Benzer şekilde, “Sağlam kafa sağlam vücutta bulunur” vecizesi yaklaşık 2000 yıl önce Romalı şair Juvenalis tarafından “Orandium est ut sit mons sana in corpore sano” yani “Sağlam bir bedende sağlıklı bir kafa vermesi için Tanrı’ya dua etmelisin” şeklinde söylenmiştir.  Zaten, Atatürk bu sözü referans vererek aktarmıştır:

"Türk sosyal yapısında spor hareketlerini düzenlemekle görevli olanlar, Türk çocuklarının spor yaşamını yükseltmeyi düşünürken, sadece gösteriş için, herhangi bir yarışmada kazanmak emeliyle bir spor çizmezler. Esas olan, bütün her yaştaki Türkler için beden eğitimini sağlamaktır. "Sağlam kafa, sağlam vücutta bulunur" sözünü atalarımız boşuna söylememişlerdir." 1937 (Afetinan, Atatürk Hakkında H.B., s. 86)

 

‘Köylü milletin efendisidir’ sözü de üfürme mi?

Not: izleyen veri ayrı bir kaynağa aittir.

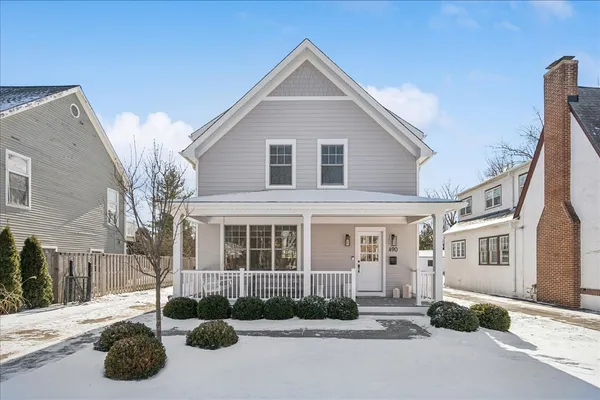 a front view of a house with yard and parking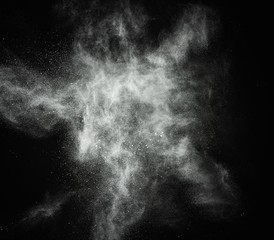 Wall Mural - white powder exploding isolated on black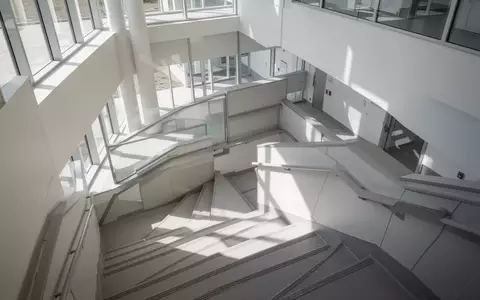 Ein minimalistisches, helles Treppenhaus in einem modernen Klinikgebäude mit klaren architektonischen Linien und natürlichem Licht. - Foto: über boerse-global.de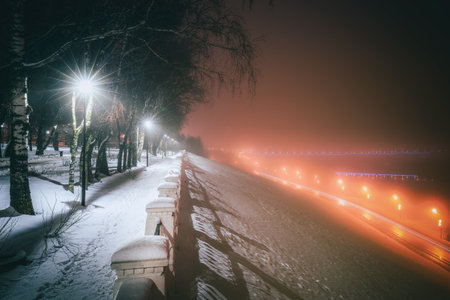 Winter park at night with glowing lanterns, view to road with car motion, pavement and trees in foggy winter weather. vintage film aesthetic.の写真素材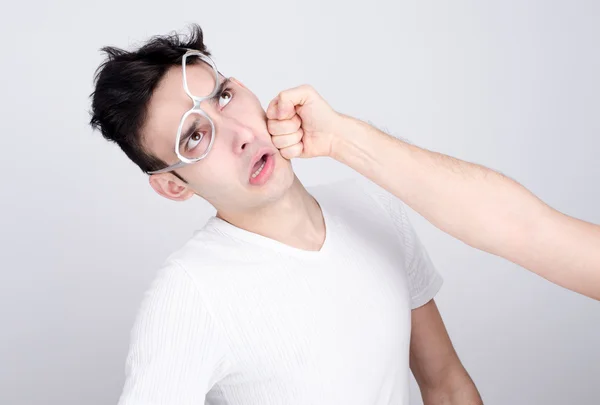Young man getting punched in the jaw. — Stock Photo, Image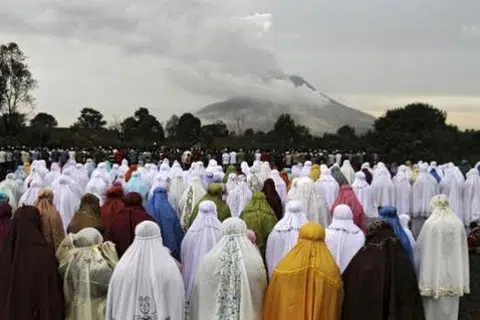 MENGAGUNGKAN TUHAN PENCIPTA ALAM SEMESTA: Penduduk kampung Ndokum Siroga di Karo, Sumatera Utara, yang tinggal di kaki gunung berapi Sinabung, menunaikan solat Aidilfitri berlatarbelakangkan kepulan asap yang terbit daripada gunung tersebut, kelmarin. - Foto REUTERS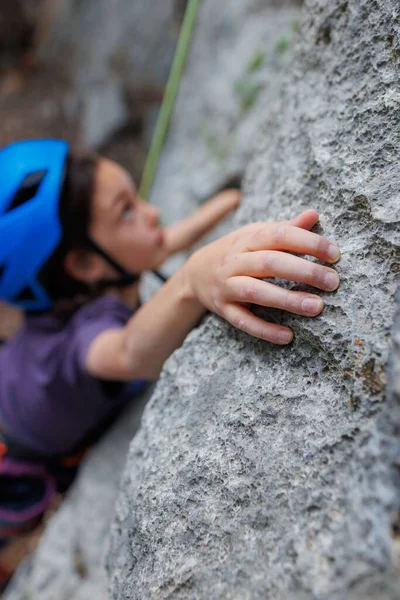 rock climber\'s hand close-up. child rock climber in a blue protective helmet overcomes the route in the mountains. children\'s sports in nature. active time in nature.
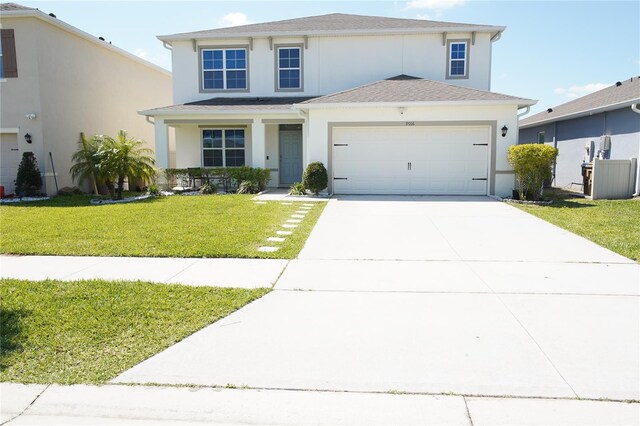 9016 Pyrus St, Kissimmee, FL 34747 - traditional-style house with stucco siding, a garage, driveway, and a front lawn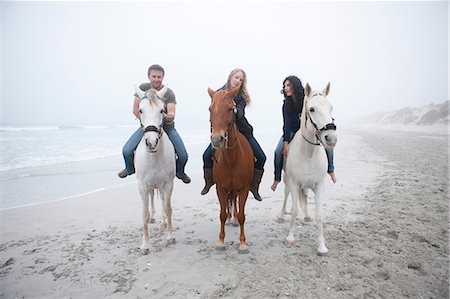 simsearch:649-06844890,k - People riding horse on beach Foto de stock - Sin royalties Premium, Código: 614-06973736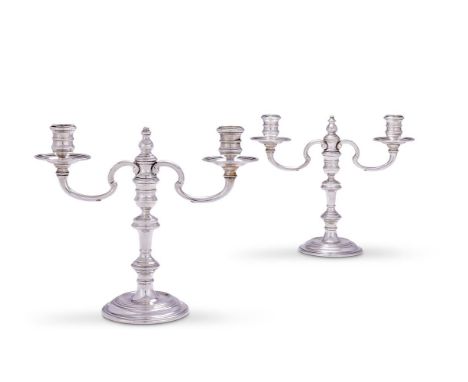 
	
		A PAIR OF SILVER TWIN BRANCH CANDLESTICKS
		WILLIAM COMYNS &amp; SONS LTD., LONDON 1960
		With turned capitals and circu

Bu vecize aslında Kanuni Sultan Süleyman’a ait  olup, aslı “Reaya milletin efendisidir” şeklindedir (Reaya, köylüye ilaveten üreten ve vergi veren anlamını da içermektedir). Vecizenin hikayesi şu şekilde aktarılmaktadır: Kanuni Sultan Süleyman bir gün vezieleriyle görüşürken onlara ‘’Velinimet-i alem yani dünyanın efendisi kimdir?’’ diye sormuş. Onlar da elbette ‘’Padişah efendimizdir!’’ diye cevap verince Kanuni; ‘’Hayır, dünyanın efendisi reayadır ki, ziraat ve haraset (çiftçilik) emrinde huzur ve rahatı terk ile iktisab ettikleri nimetle bizleri it’am ederler’’ demiş. Kanuni burada evrensel bir tanımlama yaparak; hayvancılık ve tarımla uğraşan köylünün kendi rahat ve konforundan fedakarlık ederek bizleri doyurduğunu vurgulamıştır. Yani bu söz de sanıldığı gibi, Atatürk’e ait değildir. Ama ulu önderin bir köylüyle olan anısı onun köylüye olan samimi bakışını ve alçak gönüllüğünü kanıtlar.

 

Atatürk kendisine hakaret eden Köylü için ne dedi?

Atatürk’e hakaretten sanık bir köylü hakkında soruşturma yapılıyordu. Durumu Atatürk’e arz ettiler: “Mahkemeye veriyoruz, çünkü size küfür etmiş.”                                                             Atatürk sordu: “Ben ne yapmışım ona?” Dosyayı inceleyenler açıkladılar:                                    “Gazete kâğıdı ile sardığı sigarayı yakarken kâğıt tutuşmuş da ondan”. Bunu söyleyen milletvekiline Atatürk sorar: “Siz hiç gazete kâğıdı ile sigara içtiniz mi?”. “ Hayır...”

-“Ben Trablus’tayken içmiştim, bilirim. Pek berbat şeydi. Köylü bana az küfür etmiş. Siz bunun için mahkemeye vereceğinize, ona insan gibi sigara içmeyi sağlayınız!”